*YOUR TASK*:
Report back each line of the data that contains the word "Umbrella".
------ RECORDS FOR THIS EXERCISE ------
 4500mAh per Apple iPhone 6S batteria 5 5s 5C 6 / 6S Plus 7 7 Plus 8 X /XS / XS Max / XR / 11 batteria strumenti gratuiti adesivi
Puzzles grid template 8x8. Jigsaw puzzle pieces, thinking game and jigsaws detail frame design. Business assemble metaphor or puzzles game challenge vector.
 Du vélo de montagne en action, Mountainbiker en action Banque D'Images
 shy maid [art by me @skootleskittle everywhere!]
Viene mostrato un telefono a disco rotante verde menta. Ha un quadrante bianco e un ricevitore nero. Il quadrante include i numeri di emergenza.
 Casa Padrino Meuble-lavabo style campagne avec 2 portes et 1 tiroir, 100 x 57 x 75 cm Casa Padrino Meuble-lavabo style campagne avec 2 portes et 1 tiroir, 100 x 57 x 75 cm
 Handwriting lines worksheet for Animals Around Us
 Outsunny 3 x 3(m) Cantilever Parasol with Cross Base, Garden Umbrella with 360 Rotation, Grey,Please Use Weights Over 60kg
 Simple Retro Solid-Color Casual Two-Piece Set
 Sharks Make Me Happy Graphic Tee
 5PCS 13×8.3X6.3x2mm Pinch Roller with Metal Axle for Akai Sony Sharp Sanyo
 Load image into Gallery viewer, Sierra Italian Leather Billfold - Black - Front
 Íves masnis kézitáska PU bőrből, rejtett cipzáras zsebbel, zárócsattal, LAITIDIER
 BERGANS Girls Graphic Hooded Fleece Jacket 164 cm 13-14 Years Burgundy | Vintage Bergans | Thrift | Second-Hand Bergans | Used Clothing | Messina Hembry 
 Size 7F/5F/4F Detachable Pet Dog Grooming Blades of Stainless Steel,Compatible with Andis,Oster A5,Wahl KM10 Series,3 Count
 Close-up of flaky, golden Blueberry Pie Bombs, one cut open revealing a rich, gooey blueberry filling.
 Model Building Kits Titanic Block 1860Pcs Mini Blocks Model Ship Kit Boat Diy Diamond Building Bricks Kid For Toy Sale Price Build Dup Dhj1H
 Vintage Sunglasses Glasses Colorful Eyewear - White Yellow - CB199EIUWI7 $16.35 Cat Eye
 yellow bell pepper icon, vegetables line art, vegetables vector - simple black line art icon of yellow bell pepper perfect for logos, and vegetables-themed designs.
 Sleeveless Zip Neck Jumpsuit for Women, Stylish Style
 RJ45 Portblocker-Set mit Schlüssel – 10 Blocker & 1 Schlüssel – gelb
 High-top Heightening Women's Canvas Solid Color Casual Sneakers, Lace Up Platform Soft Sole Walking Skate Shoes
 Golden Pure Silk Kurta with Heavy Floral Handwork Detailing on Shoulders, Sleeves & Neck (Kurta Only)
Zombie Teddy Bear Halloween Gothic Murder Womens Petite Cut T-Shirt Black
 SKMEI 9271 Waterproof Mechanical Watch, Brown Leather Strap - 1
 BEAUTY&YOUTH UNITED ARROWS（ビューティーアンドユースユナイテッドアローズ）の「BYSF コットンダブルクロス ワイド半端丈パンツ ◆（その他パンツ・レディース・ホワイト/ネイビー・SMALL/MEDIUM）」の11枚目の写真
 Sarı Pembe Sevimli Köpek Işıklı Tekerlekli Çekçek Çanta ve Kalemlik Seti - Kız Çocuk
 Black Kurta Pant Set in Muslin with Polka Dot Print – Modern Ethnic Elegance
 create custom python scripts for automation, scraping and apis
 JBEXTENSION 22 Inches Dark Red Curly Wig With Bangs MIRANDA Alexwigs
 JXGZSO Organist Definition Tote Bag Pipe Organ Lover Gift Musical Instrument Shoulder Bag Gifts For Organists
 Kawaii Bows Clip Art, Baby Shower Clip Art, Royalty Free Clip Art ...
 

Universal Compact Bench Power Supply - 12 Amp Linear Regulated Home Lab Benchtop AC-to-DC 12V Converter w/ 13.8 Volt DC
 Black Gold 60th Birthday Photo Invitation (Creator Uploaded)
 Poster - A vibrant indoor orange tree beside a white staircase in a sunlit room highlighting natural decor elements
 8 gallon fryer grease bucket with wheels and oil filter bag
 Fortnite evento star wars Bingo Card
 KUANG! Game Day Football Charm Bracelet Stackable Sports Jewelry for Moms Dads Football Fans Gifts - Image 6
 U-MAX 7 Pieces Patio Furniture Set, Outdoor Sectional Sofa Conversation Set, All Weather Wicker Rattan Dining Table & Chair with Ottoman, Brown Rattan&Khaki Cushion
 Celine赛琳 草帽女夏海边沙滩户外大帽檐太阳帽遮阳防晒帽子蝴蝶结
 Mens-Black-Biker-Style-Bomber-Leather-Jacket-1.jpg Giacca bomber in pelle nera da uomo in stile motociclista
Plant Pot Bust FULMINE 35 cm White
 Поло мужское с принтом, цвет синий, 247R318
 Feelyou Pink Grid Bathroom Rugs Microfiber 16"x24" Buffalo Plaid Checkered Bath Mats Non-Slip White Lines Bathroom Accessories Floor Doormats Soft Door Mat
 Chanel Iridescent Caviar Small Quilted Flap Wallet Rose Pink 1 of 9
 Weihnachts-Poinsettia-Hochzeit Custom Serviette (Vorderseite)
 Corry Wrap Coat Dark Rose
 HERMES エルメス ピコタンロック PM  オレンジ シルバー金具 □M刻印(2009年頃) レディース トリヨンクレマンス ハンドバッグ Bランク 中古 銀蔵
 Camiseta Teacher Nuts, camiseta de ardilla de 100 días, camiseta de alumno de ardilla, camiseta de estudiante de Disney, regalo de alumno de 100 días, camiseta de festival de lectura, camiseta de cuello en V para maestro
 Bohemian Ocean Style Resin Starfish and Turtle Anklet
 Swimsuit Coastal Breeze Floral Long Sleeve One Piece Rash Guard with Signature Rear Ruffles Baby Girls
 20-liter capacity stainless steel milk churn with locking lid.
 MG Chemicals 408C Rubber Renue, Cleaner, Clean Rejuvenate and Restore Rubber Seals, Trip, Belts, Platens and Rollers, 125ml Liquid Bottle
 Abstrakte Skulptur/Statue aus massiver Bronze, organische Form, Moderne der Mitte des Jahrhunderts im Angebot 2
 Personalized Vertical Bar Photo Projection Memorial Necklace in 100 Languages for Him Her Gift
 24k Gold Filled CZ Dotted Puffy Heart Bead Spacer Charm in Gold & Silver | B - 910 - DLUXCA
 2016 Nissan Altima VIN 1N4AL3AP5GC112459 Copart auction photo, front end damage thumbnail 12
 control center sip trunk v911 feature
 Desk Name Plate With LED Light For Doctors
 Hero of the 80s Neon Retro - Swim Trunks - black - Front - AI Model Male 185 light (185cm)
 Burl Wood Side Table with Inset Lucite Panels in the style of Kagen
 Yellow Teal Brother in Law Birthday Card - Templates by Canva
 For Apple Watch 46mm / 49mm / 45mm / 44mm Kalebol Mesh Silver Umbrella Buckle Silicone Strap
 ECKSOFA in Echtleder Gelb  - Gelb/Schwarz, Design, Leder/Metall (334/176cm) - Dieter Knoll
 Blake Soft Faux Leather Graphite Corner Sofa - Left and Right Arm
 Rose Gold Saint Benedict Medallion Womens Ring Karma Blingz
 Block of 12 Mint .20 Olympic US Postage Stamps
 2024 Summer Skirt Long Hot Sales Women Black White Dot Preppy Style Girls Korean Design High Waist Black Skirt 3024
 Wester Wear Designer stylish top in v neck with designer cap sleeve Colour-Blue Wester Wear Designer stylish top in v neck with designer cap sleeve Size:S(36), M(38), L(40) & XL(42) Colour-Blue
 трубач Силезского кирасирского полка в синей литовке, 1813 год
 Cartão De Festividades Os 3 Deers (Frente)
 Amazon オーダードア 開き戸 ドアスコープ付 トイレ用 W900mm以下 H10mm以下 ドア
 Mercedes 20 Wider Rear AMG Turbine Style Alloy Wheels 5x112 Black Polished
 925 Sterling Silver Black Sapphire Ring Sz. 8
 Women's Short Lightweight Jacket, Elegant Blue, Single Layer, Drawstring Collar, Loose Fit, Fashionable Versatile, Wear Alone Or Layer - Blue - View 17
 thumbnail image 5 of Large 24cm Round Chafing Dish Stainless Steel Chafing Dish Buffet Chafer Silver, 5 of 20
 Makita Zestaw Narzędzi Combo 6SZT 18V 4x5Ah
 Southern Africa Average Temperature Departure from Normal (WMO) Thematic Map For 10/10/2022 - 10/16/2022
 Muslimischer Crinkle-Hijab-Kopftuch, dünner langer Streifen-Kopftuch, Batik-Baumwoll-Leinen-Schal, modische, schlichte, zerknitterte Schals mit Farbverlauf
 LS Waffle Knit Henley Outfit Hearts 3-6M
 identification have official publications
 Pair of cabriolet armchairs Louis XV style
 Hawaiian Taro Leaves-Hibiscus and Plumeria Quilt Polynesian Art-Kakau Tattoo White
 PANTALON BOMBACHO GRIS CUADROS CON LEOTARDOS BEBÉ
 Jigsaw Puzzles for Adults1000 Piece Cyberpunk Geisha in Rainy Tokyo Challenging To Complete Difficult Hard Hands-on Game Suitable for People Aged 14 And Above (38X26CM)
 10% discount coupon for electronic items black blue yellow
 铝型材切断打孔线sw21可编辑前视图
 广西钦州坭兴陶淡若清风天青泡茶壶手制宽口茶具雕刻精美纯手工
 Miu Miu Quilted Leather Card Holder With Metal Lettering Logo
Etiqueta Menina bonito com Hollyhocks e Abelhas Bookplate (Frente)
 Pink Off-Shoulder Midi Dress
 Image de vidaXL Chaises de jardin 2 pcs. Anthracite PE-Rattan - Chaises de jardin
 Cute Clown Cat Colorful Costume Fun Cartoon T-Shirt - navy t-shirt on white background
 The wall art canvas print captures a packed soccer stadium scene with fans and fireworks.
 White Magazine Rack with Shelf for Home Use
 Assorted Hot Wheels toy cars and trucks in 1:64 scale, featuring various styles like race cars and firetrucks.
------
*THE ANSWER*:
 Outsunny 3 x 3(m) Cantilever Parasol with Cross Base, Garden Umbrella with 360 Rotation, Grey,Please Use Weights Over 60kg
 For Apple Watch 46mm / 49mm / 45mm / 44mm Kalebol Mesh Silver Umbrella Buckle Silicone Strap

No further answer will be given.